Exercise data:
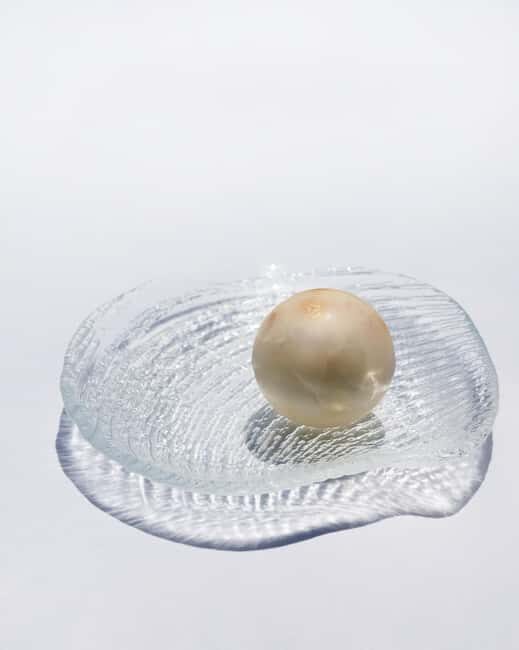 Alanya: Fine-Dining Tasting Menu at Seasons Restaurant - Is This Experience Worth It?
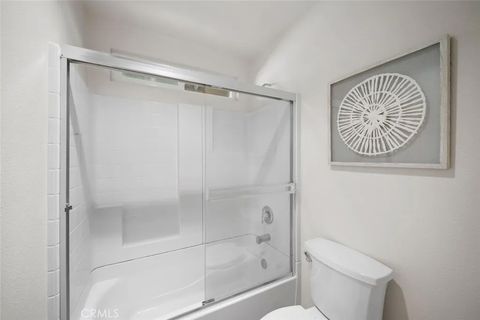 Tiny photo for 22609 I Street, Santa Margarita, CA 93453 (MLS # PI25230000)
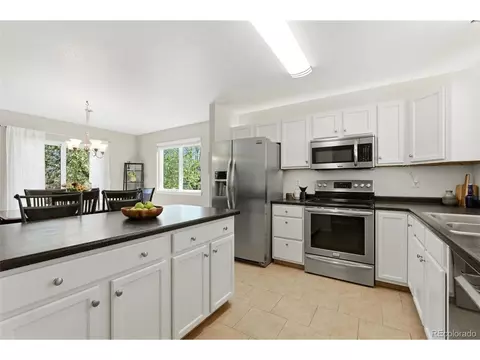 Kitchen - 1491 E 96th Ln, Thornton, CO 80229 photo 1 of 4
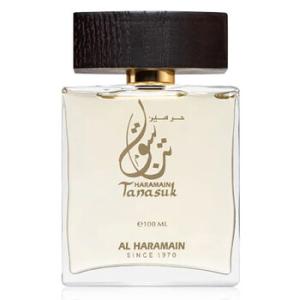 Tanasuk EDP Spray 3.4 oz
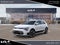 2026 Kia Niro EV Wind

--

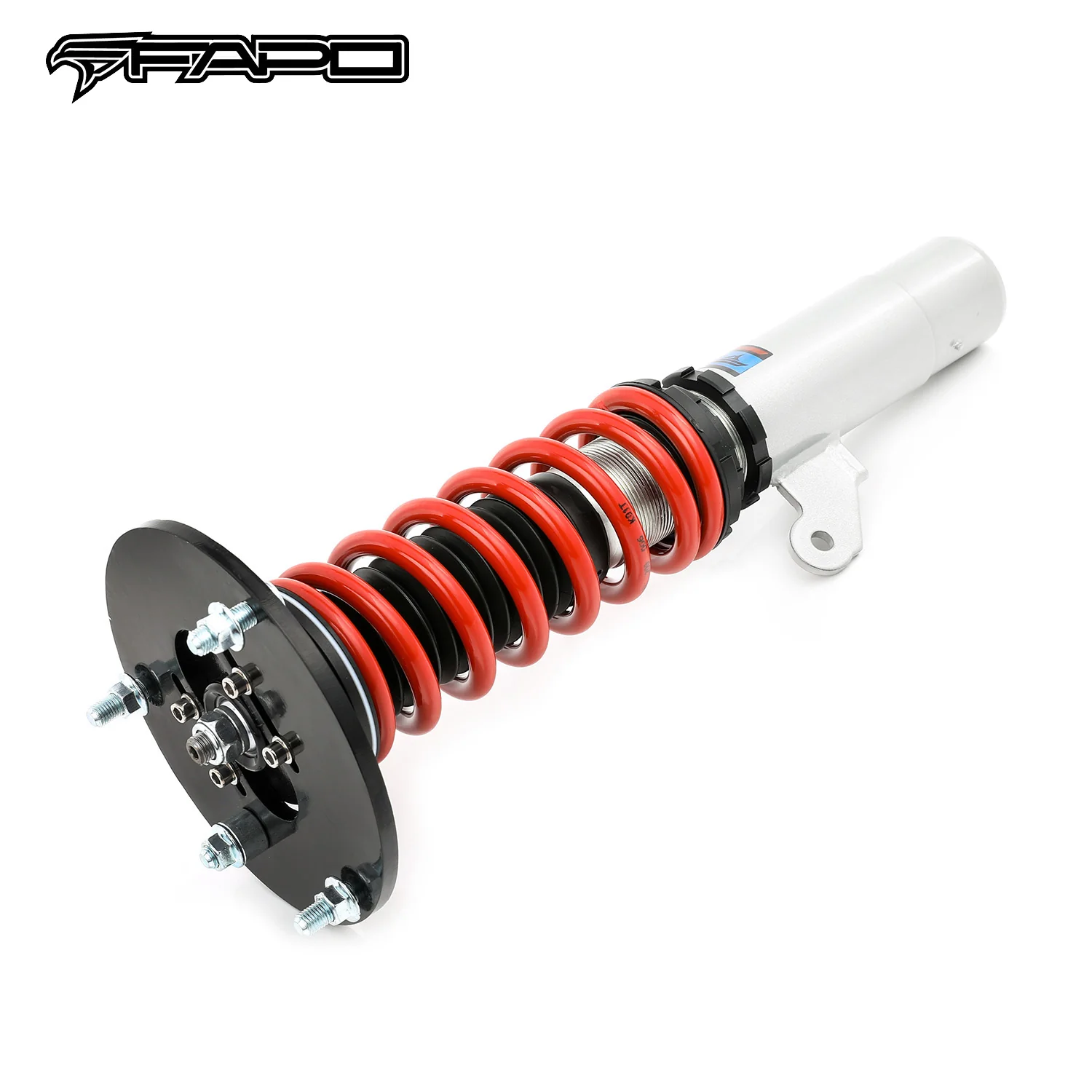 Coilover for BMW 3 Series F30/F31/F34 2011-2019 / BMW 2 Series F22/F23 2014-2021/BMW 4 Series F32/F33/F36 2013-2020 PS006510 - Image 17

* * *

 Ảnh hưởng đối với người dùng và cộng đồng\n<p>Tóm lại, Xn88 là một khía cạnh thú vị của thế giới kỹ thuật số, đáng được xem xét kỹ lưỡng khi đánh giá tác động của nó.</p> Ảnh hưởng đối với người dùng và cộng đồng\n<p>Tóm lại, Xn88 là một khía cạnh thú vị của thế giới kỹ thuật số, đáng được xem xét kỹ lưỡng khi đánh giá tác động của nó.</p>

Problem statement:
Copy the listing above exactly, but only from the line with "Tiny photo for" through the line with "2026 Kia Niro EV Wind", including those two lines and excluding any picture.

Written response:
 Tiny photo for 22609 I Street, Santa Margarita, CA 93453 (MLS # PI25230000)
 Kitchen - 1491 E 96th Ln, Thornton, CO 80229 photo 1 of 4
 Tanasuk EDP Spray 3.4 oz
 2026 Kia Niro EV Wind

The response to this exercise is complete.